2. No Services. SSN shall be under no obligation to provide Customer with any services except as explicitly set forth in section 5 herein.
3. Termination. The licenses granted hereunder terminate on expiration of the EVALUATION Test Period. Additionally, either party may terminate this Agreement upon written notice to the other party at any time. Within five days after termination, Customer will (i) return to SSN the Software and all copies thereof in the form provided by SSN or (ii) upon request by SSN destroy the Software and all copies thereof and certify in writing that it has been destroyed. Sections 2 through 10 shall survive termination of this Agreement.

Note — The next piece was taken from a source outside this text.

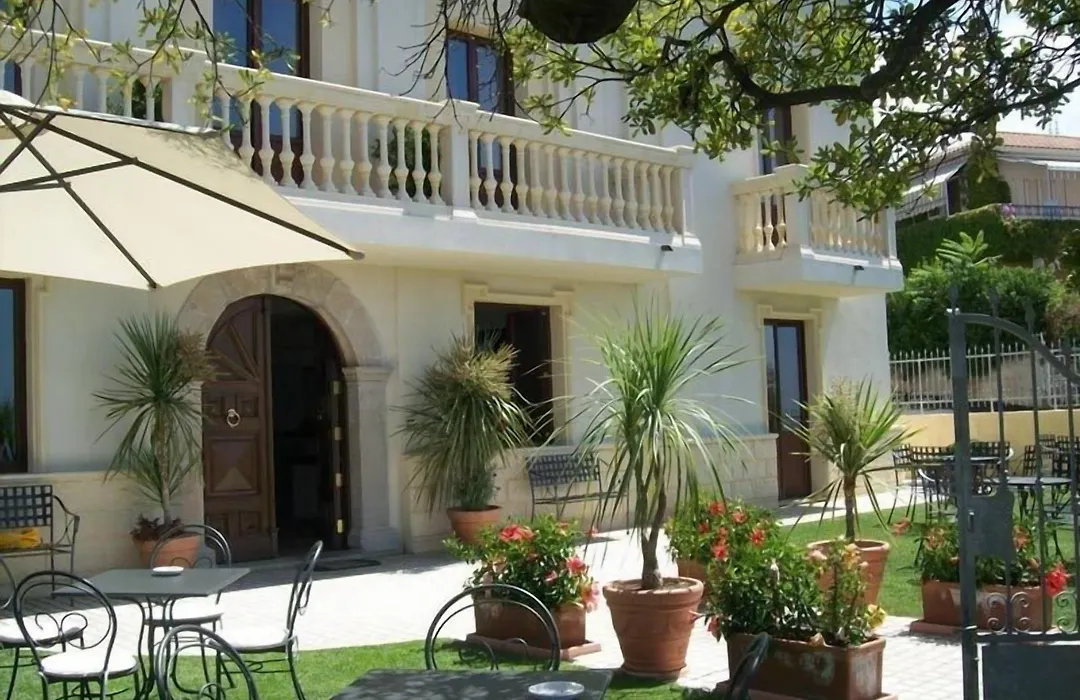 Hotel Villa Cerelis-1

4. Proprietary Rights; Confidentiality; Restrictions. Customer acknowledges that the Software contains confidential information and trade secrets of SSN and its licensors. Customer will not: copy (except as strictly necessary to use the Software in accordance with the terms of section 1 hereof), distribute, sell, sublicense or otherwise transfer or make available the Software or any portion thereof to any third party; remove from view any copyright legend, trademark or confidentiality notice appearing on the Software or Software output; a modify, adapt, translate, reverse engineer, decompile or derive the source code for the Software, or authorize a third party to do any of the foregoing. Customer will reproduce all of SSN’s and its licensors’ copyright notices and any other proprietary rights notices on all copies of the Software that Customer makes hereunder.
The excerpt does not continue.